[[ Information shown open ]]

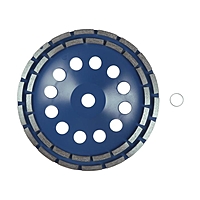 Чашка алмазная зачистная TUNDRA, двухрядная, 230 мм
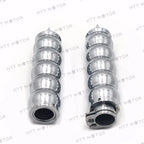 7/8" Chrome Motorcycle Handlebar Grip & Throttle Twist Tube for Custom Bikes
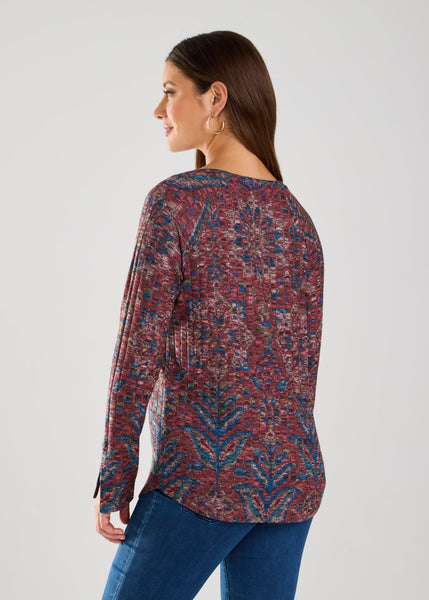 FDJ - SPIRO PRINT LONG SLEEVE TOP - 3702508 - 2 Colours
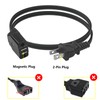 Replacement 09982 Deep Fryer Magnetic Power Cord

[[ Information shown closed ]]

- What you are asked to do -
Only the lines from the one containing "for Custom Bikes" through the final line of the data are to be written out, exactly as they stand and without pictures.

- Result of this exercise -
 7/8" Chrome Motorcycle Handlebar Grip & Throttle Twist Tube for Custom Bikes
 FDJ - SPIRO PRINT LONG SLEEVE TOP - 3702508 - 2 Colours
 Replacement 09982 Deep Fryer Magnetic Power Cord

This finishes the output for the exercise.